Un reportage de Philippe Reltien, correspondant de France Inter à Pékin, en Chine

Juon, Tibétaine : « Pour le nouvel an on danse. On rentre dans l’Ando une partie du Tibet. Trois jours, trois nuits pour aller au Tibet. C’est le nouveau train, là, direct jusqu’à Lhassa »

Dragon chinois
Dragon chinois © miheco

Juon, cette Tibétaine qui vend des toques de fourrure dans les rues de Pékin rentre au pays pour la première fois depuis 6 ans, dans un train direct. Elle fait partie des 230 millions de travailleurs migrants qui se seront déplacés pour le Nouvel An Chinois.

L’année du dragon a commencé cette nuit et à cette occasion, la gare de Pékin a été pendant 2 semaines le centre de chassés-croisés, notamment pour ceux que l’on appelle les « Mingongs ».

Les ouvriers paysans Mingongs sont la clef de la croissance chinoise. Une main d’œuvre obéissante, sur tous les fronts du développement, aux quatre coins de la Chine et en particulier dans les villes où ils n’ont pas le « Hukou », le permis de résider. Ils reviennent dans leur village chargés de balluchons. Ils ne savent plus où caser la machine à masser les pieds et de cadeaux, des spécialités locales et paysages encadrés. Ce sont en grande majorité des hommes ; les épouses restent cultiver le lopin de terre. Ils rentrent sans savoir quand et où ils repartiront avec le salaire qu’ils viennent de toucher. Monsieur Shou, 50 ans, grand sourire, se repose accroupi devant sa valise.

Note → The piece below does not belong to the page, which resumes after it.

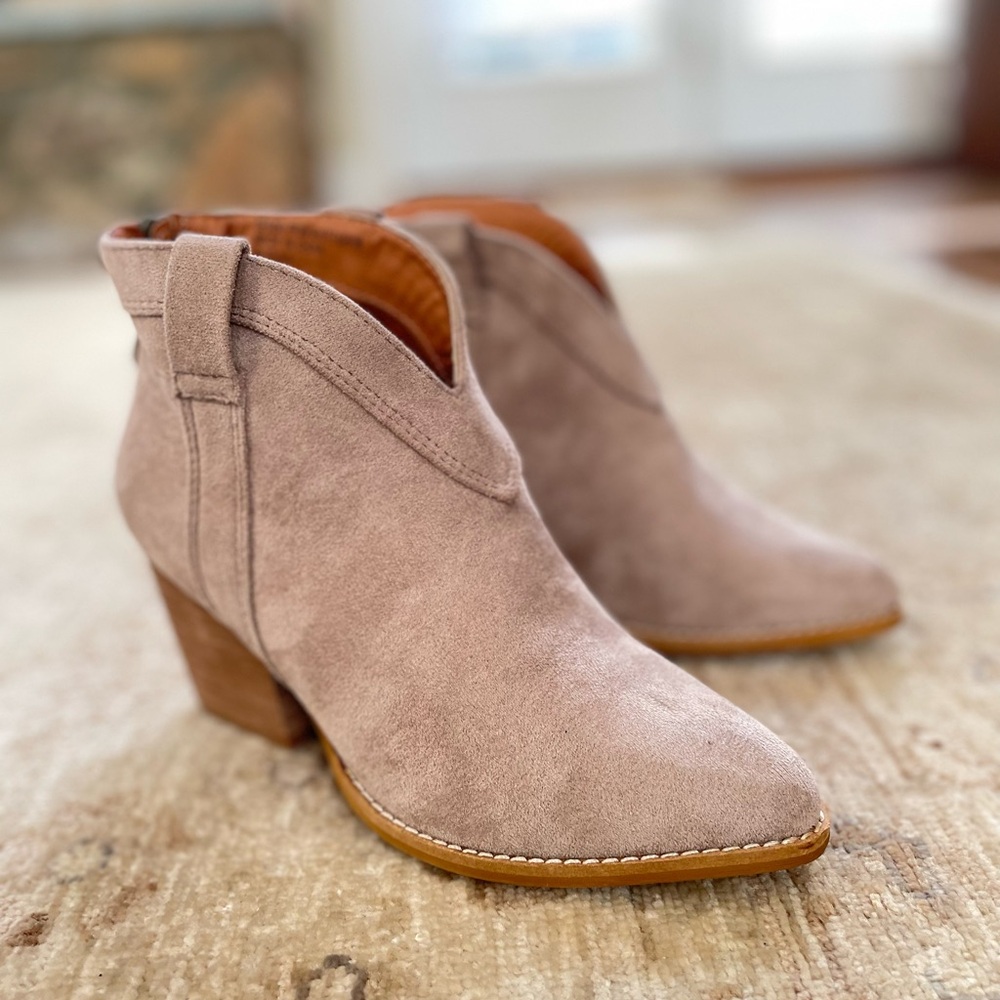 NEW Beast Fashion ABBY Beautiful suede dip front booties.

Shou, paysan : « Cela m’a pris 37 heures pour revenir du Hunan. Les sièges étaient durs mais j’ai quand même réussi à dormir. La distance est d’environ3.000 kilomètres. Je m’occupe de tout ce qui est production d’énergie avec des éoliennes. Pas sûr que je rentre au Hunan, je ne sais pas combien de temps je vais rester chez moi. Mon travail est terminé au Hunan, il faut donc que j’attende d’avoir une autre occasion, sur un autre chantier. On m’a payé. 3.000 et quelques par mois, 400 euros. J’ai aussi un peu de terres, oui. On vous souhaite une très belle fête du printemps. Que vous deveniez riche ! »

Plus de la moitié de leur salaire est réinvesti localement. La campagne chinoise, en train de se dépeupler, s’enrichit ainsi plus vite que les villes où, pourtant, les revenus sont en moyenne trois fois plus élevés. En 2011, le nombre des travailleurs migrants a augmenté de 18 %, ce qui montre bien que même si l’on tient compte du vieillissement de la population en âge de travailler, cet exode continue.

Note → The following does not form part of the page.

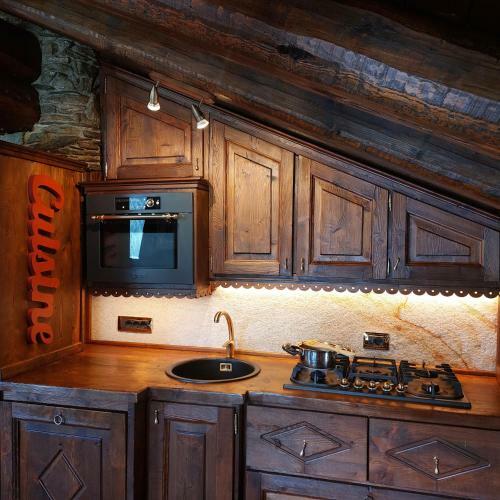 Apartamento Baita Con Vetrata E Caminetto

La génération suivante est celle de Monsieur Lou, basket Nike colorées, jean et doudoune, col en V. Il ramène du canard salé dans de belles boites rouges. Il a l’air contrarié, parce qu’il n’a pas trouvé de billet de train bon marché. Le nouveau système de réservation des billets de train par internet a complètement déraillé.

Lou, ouvrier : « Sur Internet, je n’ai pas réussi. Et je n’ai pas non plus réussi à avoir la ligne. J’ai commencé 20 jours à l’avance et je n’ai jamais réussi à réserver un billet. J’ai commencé à acheter le billet de TGV pour faire Nankin-pékin. Pour aller à Harbin, j’y vais en bus. Il me faudra environ douze heures de bus pour rentrer à Harbin. Je travaille dans l’entreprise qui construit le métro. Notre compagnie nous aide à payer mais ne nous achète pas vraiment le billet »

« Xin Nian Kuai », bonne année du dragon à vous tous !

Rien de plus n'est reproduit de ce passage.